KI Assemble is one of our free open source tools for library system vendors looking to implement standards. It is a simple module designed to support the implementation of protocols such as Z39.50 and ISO 10161.

KI Assemble, or “A2J” as it was previously known, was first released in 1999 as the base library for our KI Discover product, the first fully open source Java Z39.50 toolkit. A2J was the first published open source project supported by Knowledge Integration Ltd. The toolkit is split into two halves:

  • A compile time tool which reads ASN.1 specifications and outputs codecs and runtime type classes which represent the protocol definitions.
  • A runtime which supports protocol state machines capable of establishing socket connections and sending/receiving messages defined by the protocol.

A2J was first released for J2SE 1.2 in 1999, and that version has found its way into many commercial ILS systems and hosted services in it’s guise as protocol engine for ISO 10161 and Z39.50 implementations. Along the way, students have taken the toolkit and used it to implement a variety of other real time messaging applications and protocols.

2018, through the FOLIO project, we saw a renewed interest in trying to address some the problems of consortial resource sharing. This was the moment to take out A2J, dust off the old maven build files and update the stack. KI Assemble is the result of that update. The source code can be found on Github. Major features of the refactoring include:

  • Replacing the old maven build with a cleaner gradle build file
  • Replace the old protocol specific endpoint implementations with Generics-based reusable components
  • Much improved unit testing, based around the Generics protocol adapters sending and receiving atomic types.

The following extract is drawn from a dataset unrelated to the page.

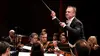 Orchestre de la Suisse Romande, Jonathan Nott : Mahler (2022)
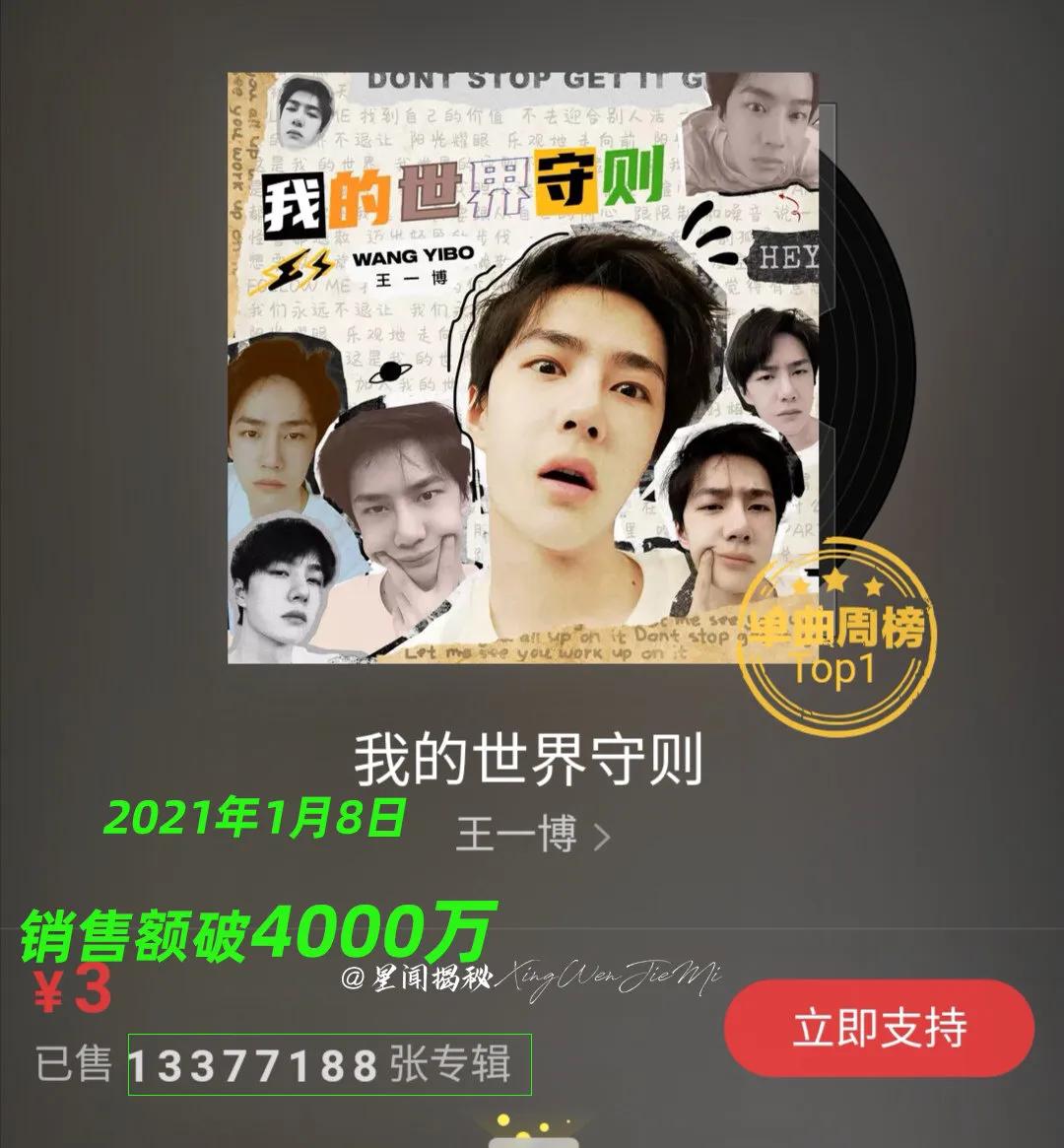 王一博抖音,王一博视频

There are more changes planned as a part of our resource sharing work, including:

  • Support for NIO rather than threaded socket management
  • Support for auto-creation of JSON/Map based representations of protocol messages

Target audience

Java developers and library system vendors looking to implement standards. Anyone who needs to convert ASN.1 specifications into protocol state machines.

How can it help you?

Most of the alternative toolkits to KI Assemble claiming to be open source actually rely on third-party closed source ASN.1 compilers. KI Assemble on the other hand does not, it is 100% open source and free for reuse. We’ve tried to be as true as possible to the ASN.1 specification, so you should be able to throw any valid ASN.1 at the compiler and have it emit sensible codecs, or extend the codebase to support constructs. The toolkit also supports an OID registry of EXTERNALs so you can define and implement protocol extensions.

How to access KI Assemble

KI Assemble is maintained on Github, where you can access the open source code and contribute to the project.

Users and projects

A2J is being used in commercial library systems. It is also available for use freely under the GPL Open Source licence.